But I would do that first, and then the follow-up one, I might do that from the company page. Then if I was the author, I would also share on my personal. But in the personal post, I would probably do a recap. A recap of exactly what I'm talking about in the full article without any links, it would just be a text post. Then within the comment, I would add the link to the blog for anyone interested. I would do a couple different forms of recap post.

Other ones to consider are the deck, so you can break this down into a deck. For instance, thinking about this deck right here. If this came from an article and there were five different headings in there, then that's what I would've used to create this five step deck. A deck or an image, so I think that last image that I showed you is a good example of a summary image of the post. Think about this as a slightly expanded table of contents. You can literally start with your table of contents for a recap post. Think about how you'd make that into a Twitter thread or how you'd make that into a LinkedIn post.

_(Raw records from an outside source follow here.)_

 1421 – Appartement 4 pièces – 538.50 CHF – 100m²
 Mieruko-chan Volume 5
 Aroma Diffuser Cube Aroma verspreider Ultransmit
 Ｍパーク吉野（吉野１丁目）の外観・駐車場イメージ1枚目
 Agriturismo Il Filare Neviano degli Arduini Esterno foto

The roundup. Think about this exactly like you'd think about blog roundups that you do. You're going to different subject matter experts, you're asking for their opinion. You're creating a blog around those different insights of what would be 10 insights from top content marketers about content strategies for 2022. That's a terrible title, but you get the idea. You'd take those, and you'd tag all of those people in a post, and you'd have one quote from each of them, of one thing I learned from each of these people. That's one way to do it. Then the feature. Same idea, but you'd just feature one person. You'd create a quote card for the one person, and you'd pull out their mic drop quote or commentary on that subject, and it would be more of a feature.

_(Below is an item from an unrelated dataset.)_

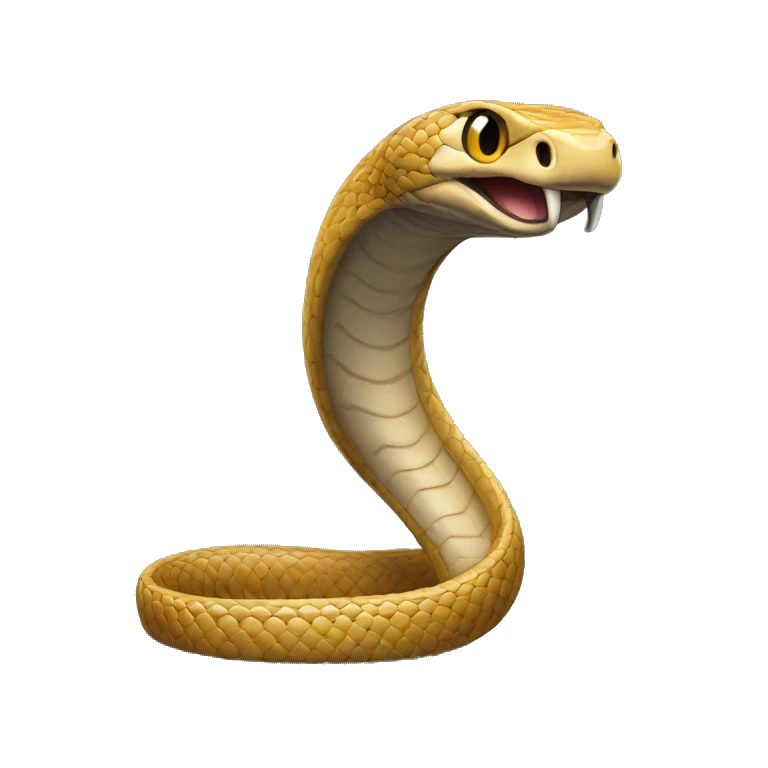 Cobra  emoji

Then the tweet. I call this one the tweet, but if you go into Twitter, this is exactly how every Twitter thread is positioned as you're going to see something that says, "I did insert impressive number of things." For instance, it would be something like, "Gong is a good example of... We analyzed 102,342 calls." That's a lot, that's way more than I'm going to have time to go through. That's like, "Hey, here's what I've learned from it." They've done the work of sifting through a bunch of different calls, a bunch of different examples. I think hairy dry from marketing examples is a good example of this as well. He did the work of sifting through the internet, finding the best examples and saying, "Hey, I looked through and found the best copy examples on the internet. Here's what I learned from it." Or, "Here are the five things every good landing page has." That's a good example of a tweet format that can really work for LinkedIn or any social platform.

Other ones are the insight. What is the one light bulb moment that you want to highlight from the post. Inspiration. Usually the quote, the mic drop. The mic drop moment. The tear down. A good example here that I've covered up is I took a screenshot of a good outbound email that I got. I posted that on my personal. When that did well, I highlighted different parts of the email and I broke it down. I was like, "Here's what they did for the intro, here's what they did for the body and here's what they did for the CTA," and then I used it on our company page. That's an example of a tear down of give me the example. You probably have an example section of your SEO blog if it's a how-to. You have a how-to, and you have an example section in there. I know you do. Take some of those examples, and put them in social. That's what people love, is give me an example. How does this work in the wild? Then the last thing is the data. Taking out those poll stats or graphics and give me those upfront.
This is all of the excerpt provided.